I woke up this morning and couldn’t get onto my CIFS share. A quick look at /var/adm/messages and I saw this problem:

Jun 15 23:10:10 zed idmap[346]: [ID 702911 auth.notice] GSSAPI Error: Unspecified GSS failure. Minor code may provide more information (Clock skew too great)

Ok so this is because the clock on this machine is not close enough to the clock on my domain controller. I’ll just do a ‘crontab -e’ and plug this in:

# Sync date/time with my domain controller
15 * * * * /usr/sbin/ntpdate your.domain.controller.com

Now it should stay synchronized. But wait, I still can’t access my shares.

# svcadm disable idmap
# svcadm disable smb/server
# svcadm enable -r idmap
# svcadm enable -r smb/server

That didn’t do it.

# smbadm list
[*] [MYDOMAIN]
[*] [mydomain.com]

…and proceeds to hang.

# smbadm join -w WORKGROUP
hangs.

# smbadm join -u domainuser mydomain
hangs.

/var/adm/messages shows: svc.startd[7]: [ID 122153 daemon.warning] svc:/network/smb/server:default: Method or service exit timed out. Killing contract 70.

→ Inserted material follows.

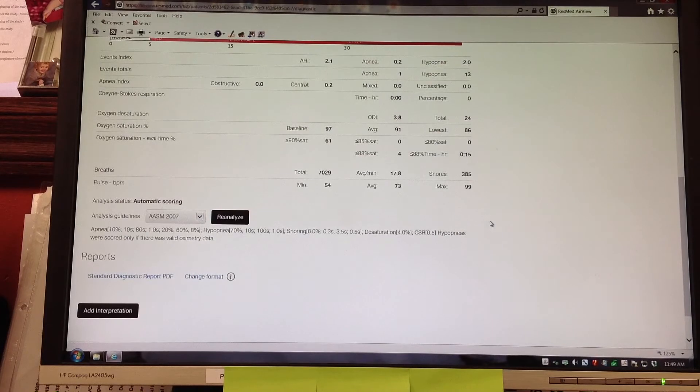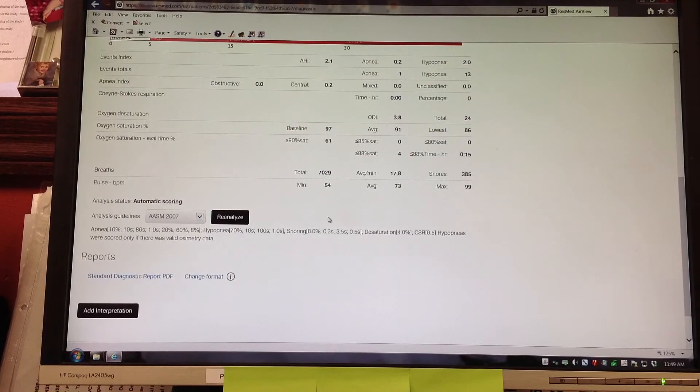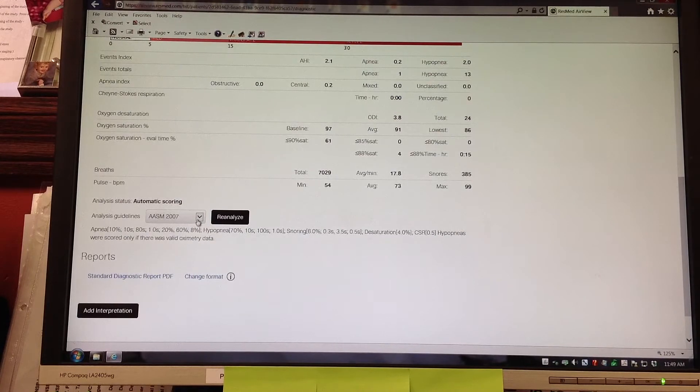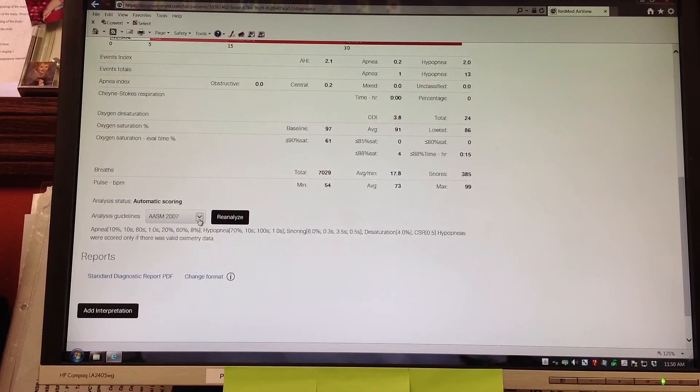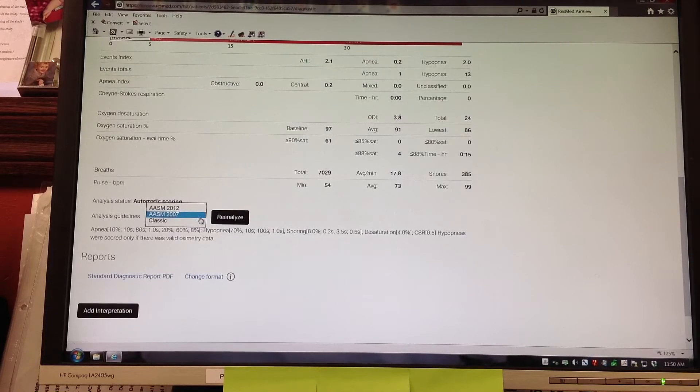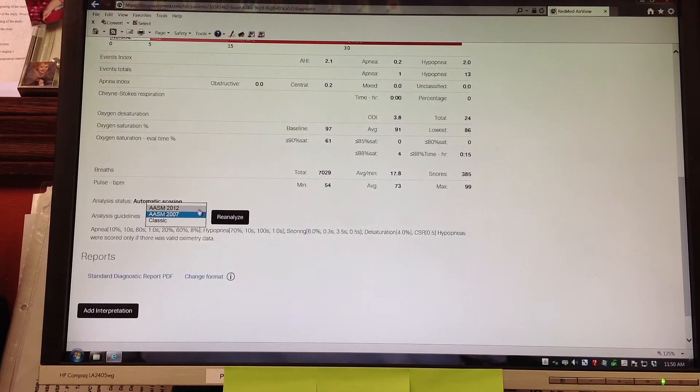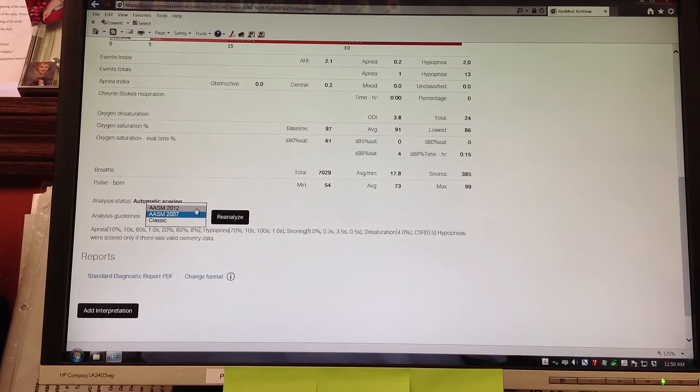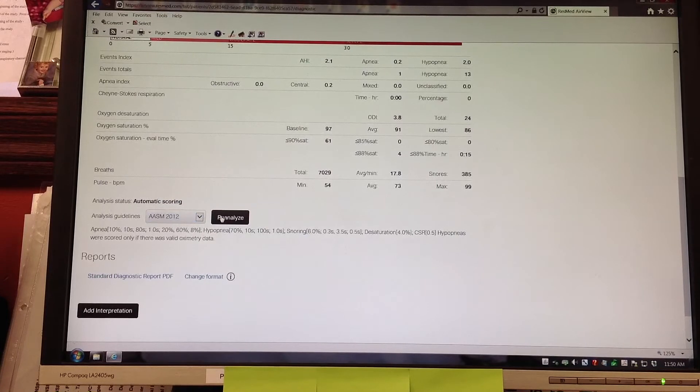Teresa is scrolling down. There is an area where it says analysis guidelines. It says AASM 2007. We are going to click on there and pick AASM 2012 and click reanalyze.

Also noticed despite disabling the smb/server, the process still appears to be running. Kill -9 does nothing.

I had experienced a similar issue earlier during setup and I had written it off. It’s looking like the stability of CIFS isn’t so rocksolid. This post on the cifs-discuss list definitely shows I’m not the only one having issues.

I’m tempted to use VirtualBox and run virtual Win2k3 server on top of OpenSolaris. I would create an iSCSI target in my zpool and point the Win2k3 box at that. Let windows seamlessly share files which it is good at and OpenSolaris manage the storage which it is good at. It’s an interesting thought, but I’m going to see if the latest SXCE fixes my CIFS woes first.

Uncategorized

Migrating to an OpenSolaris Fileserver

June 14th, 2009

After getting replacements for my failed drives, I tackled migrating data off my old Windows 2003 fileserver onto my fancy OpenSolaris ZFS fileserver.

My windows server decided this was the time it was going to become corrupt too.  I was using nvraid mirror and it became out of sync.  I wasn’t able to recover it.  My skepticism about cheap built in idea/sata raid has been confirmed.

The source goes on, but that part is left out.